Evaluate on the proxy task -- classifying fixed-length chunks of bootleg score features.

In [None]:
data_clas_test = TextDataBunch.from_df(path, train_df, test_df, tokenizer=basicTokenizer, bs=bs, num_workers=1)

In [None]:
learn_c.validate(data_clas_test.valid_dl)

Evaluate on the original task -- classifying pages of sheet music.  We can evaluate our models in two ways:
- applying the model to a variable length sequence
- applying the model to multiple fixed-length windows and averaging the predictions

First we evaluate the model on variable length inputs.  Report results with and without applying priors.

In [None]:
train_fullpage_df = pd.read_csv(path/'train.fullpage.csv')
valid_fullpage_df = pd.read_csv(path/'valid.fullpage.csv')
test_fullpage_df = pd.read_csv(path/'test.fullpage.csv')

In [None]:
(acc, acc_with_prior), (f1, f1_with_prior) = eval_models.calcAccuracy_fullpage(learn_c, path, train_fullpage_df, valid_fullpage_df, test_fullpage_df)
(acc, acc_with_prior), (f1, f1_with_prior)

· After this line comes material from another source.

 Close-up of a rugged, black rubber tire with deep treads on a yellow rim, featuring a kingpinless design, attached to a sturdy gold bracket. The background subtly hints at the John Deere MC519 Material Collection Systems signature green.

Now we evaluate the model by considering multiple fixed-length windows and averaging the predictions.

In [None]:
test_ensemble_df = pd.read_csv(path/'test.ensemble64.csv')

In [None]:
(acc, acc_with_prior), (f1, f1_with_prior) = eval_models.calcAccuracy_fullpage(learn_c, path, train_fullpage_df, valid_fullpage_df, test_ensemble_df, ensembled=True)
(acc, acc_with_prior), (f1, f1_with_prior)

### Error Analysis

In [None]:
interp = ClassificationInterpretation.from_learner(learn_c)

In [None]:
interp.plot_confusion_matrix(figsize=(12,12))